Pelletier said she had always known that she was adopted by Dick and Andrea Pelletier at the age of 21 months. When she was 18 years old, her mother gave her additional information about her family, including the fact that she had a sister and brother.

Last summer she enlisted the aid of her uncle, Lawrence Ayoob, an attorney in Fort Fairfield, to help her find her sister.

“Last Monday, the judge of probate called me and said I had a sister named Diane and that she wanted to meet me,” Haley said Friday. The meeting was set for Wednesday at 1 p.m.

“It was God’s timing that Diane was in Washburn this week,” said Diane’s mother, Mavis Churchill, a school teacher.

Pendexter said her 1974 adoption, when she was 4 years old, was one of the first in the state involving a single adult. She remembered taking care of her little sister and had “instant recognition” when an aged photo of the youngest sibling was shown at the reunion.

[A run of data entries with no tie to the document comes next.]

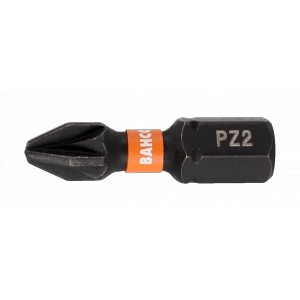 Sukimo antgalis BAHCO 661M Impact Torsion PZ2x25 mm 2 vnt.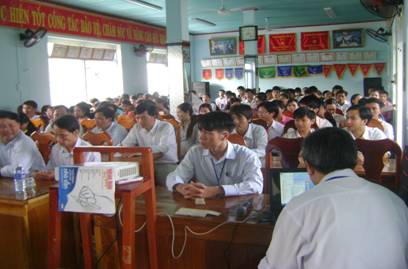 LĐLĐ Nông Sơn:  Phối hợp tổ chức tập huấn An toàn vệ sinh lao động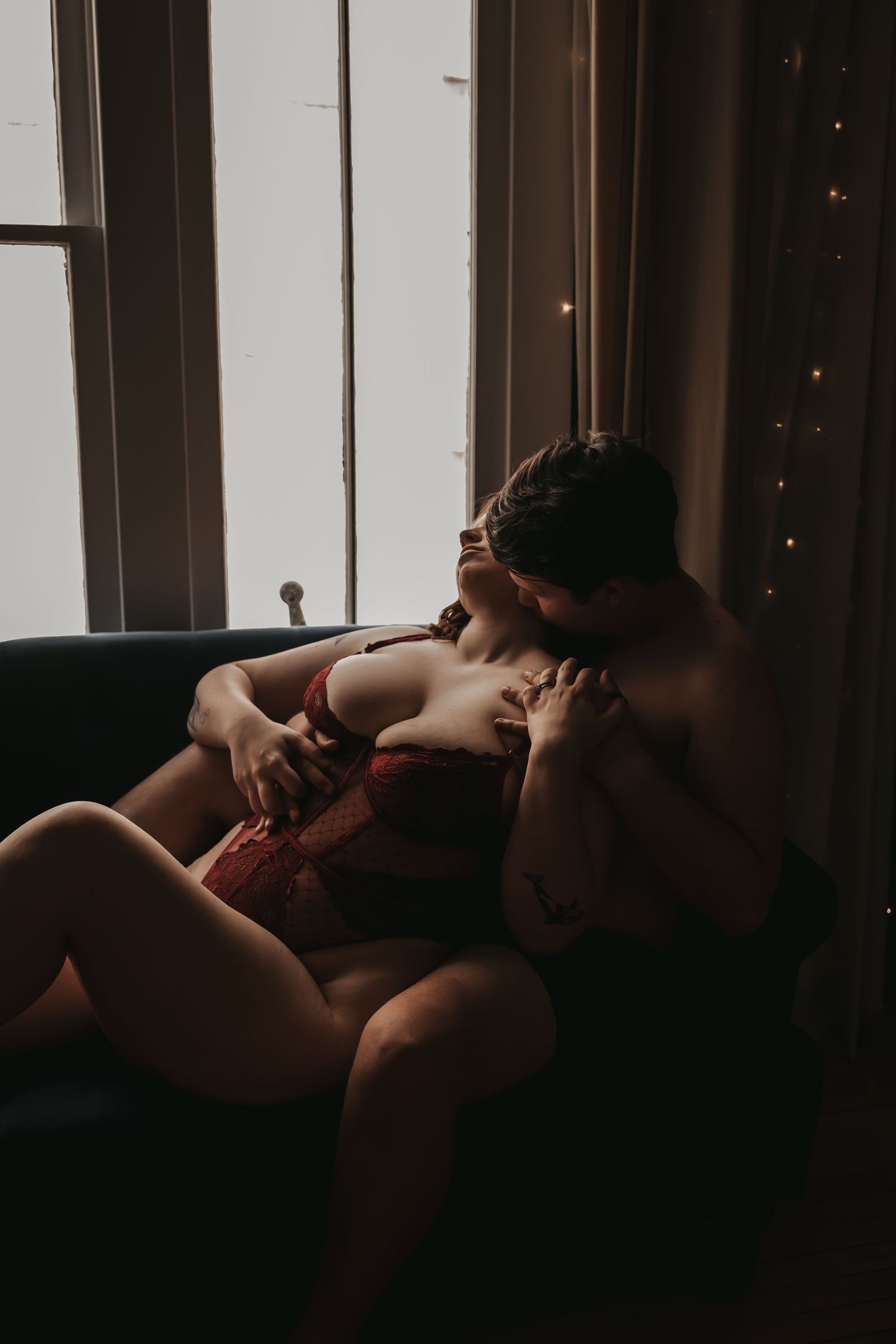 Couples Boudoir Photography in Mesa, AZ connection real comfortable Intimate couples photography Romantic photoshoot for couples Gilbert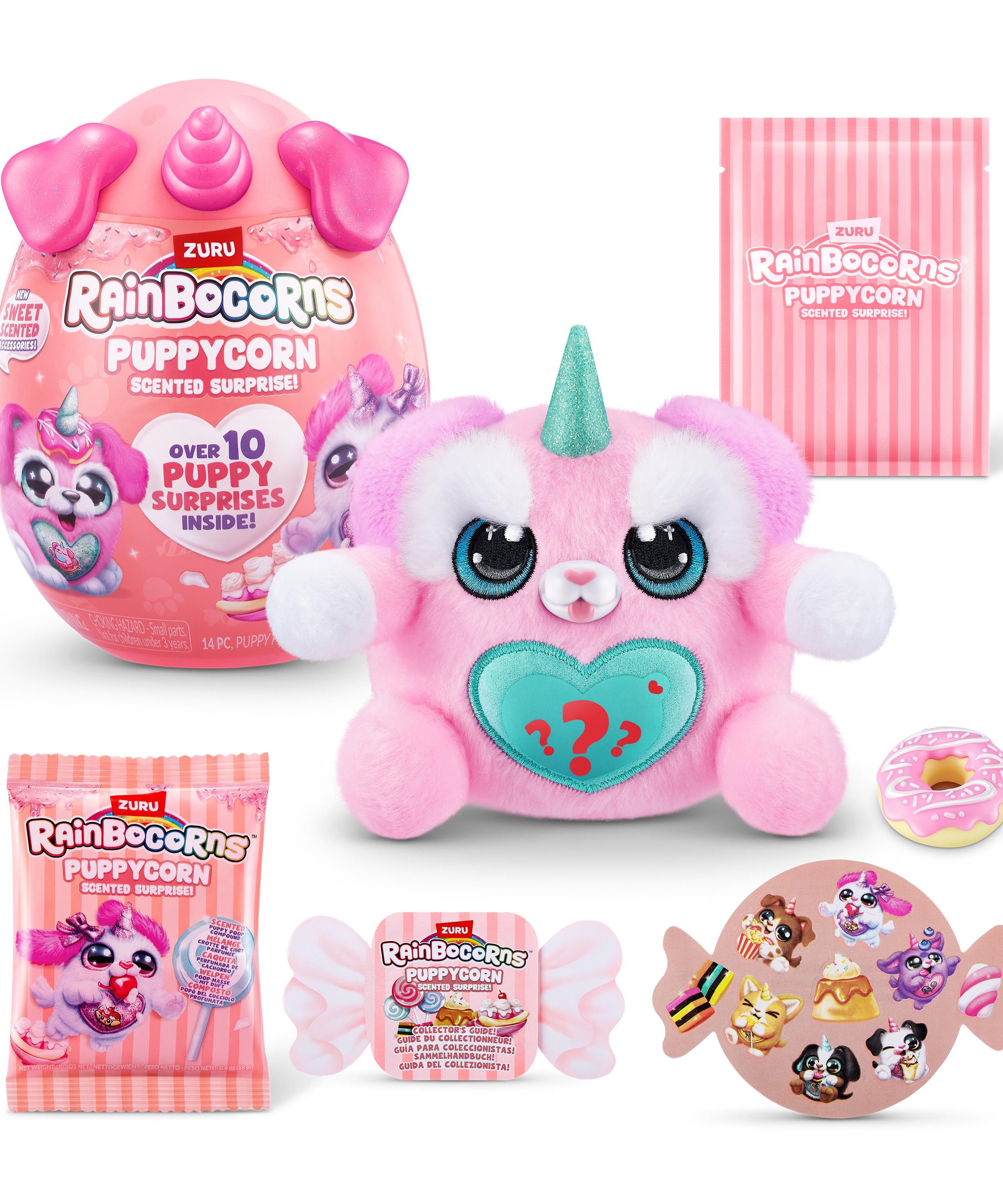 Rainbocorns Puppycorn Surprise S8 PDQ, Cute Collectible Plush Toy for Girls, Age 3+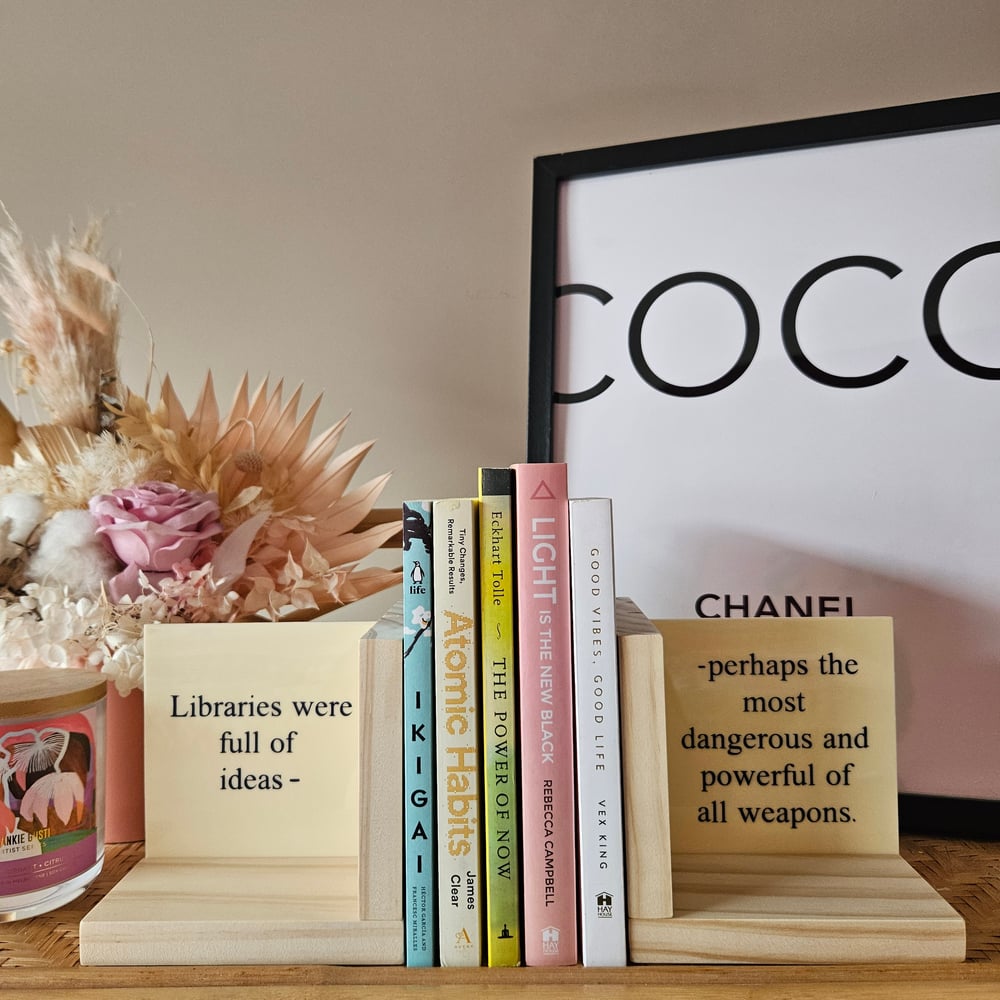 Image of Bookends - Custom Quotes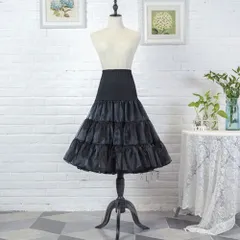 ☆ ブラック ☆ パニエ フリル ボリューム ペチコート ペチコート パニエ 大人 インナースカート フリルスカート チュールスカート チュチュスカート スカート フリル インナー ハロウィン フラダンス レディース ドレスインナー ショート丈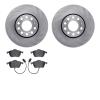 6502-73261 Brake Rotors w/5000 Advanced Brake Pads Kit, 1992-1998 Audi/Volkswagen, Position: Front - image 1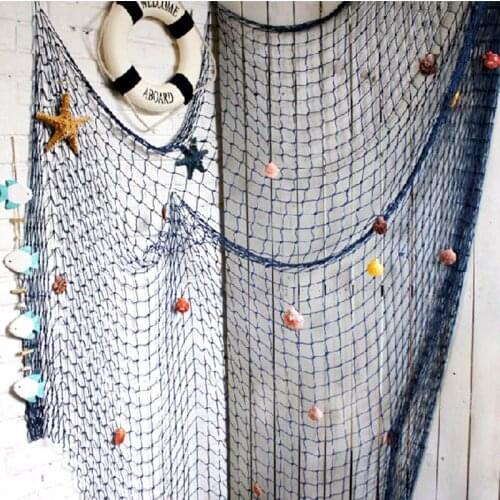 Fashion Home Decoration Wall Hangings HOT Home The Mediterranean Sea Style Wall Stickers Big Fishing Net Decoration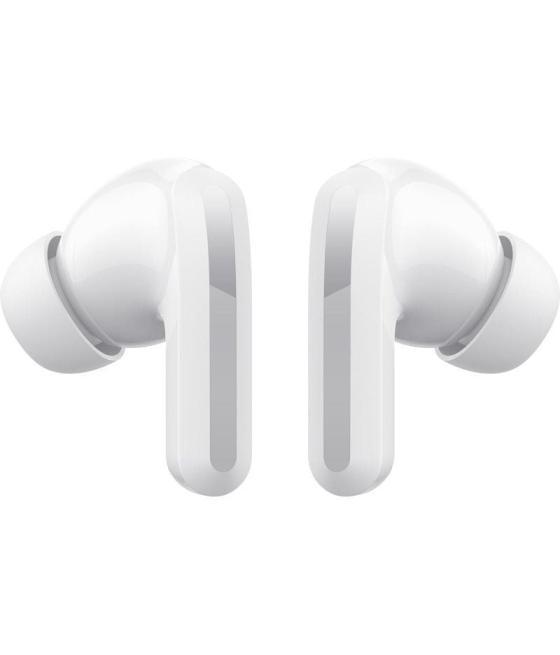 Auriculares bluetooth xiaomi redmi buds 5 con estuche de carga/ autonomía 10h/ blancos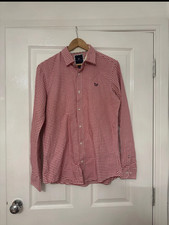 Crew Clothing Company Men's Red Long Sleeve Shirt Size Medium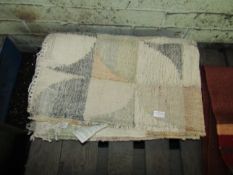 Â LA REDOUTE UNIDENTIFIED RUG NATURAL WEAVE JUTE, MULTI COLOURÂ  - The items in this lot are thought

On Friday, Churchill recalled seeing the two youngsters for the first time at the foster home when she was introduced to Diane.

“Haley came toddling towards me with her little arms lifted up and I would have taken them both, but there was a stipulation that the two youngest children were to be raised in a Catholic home,” said Churchill, who is a Baptist.

“I was thrilled,” Churchill said about the call made to her on Monday concerning the sisters’ relationship. “They’ve had a few days before Haley has to leave.”

The Pelletiers also have embraced their daughter’s new-found family. “It’s just more people to love,” they said. Pelletier is an insurance salesman and his wife is a beautician and works in the local school lunch program.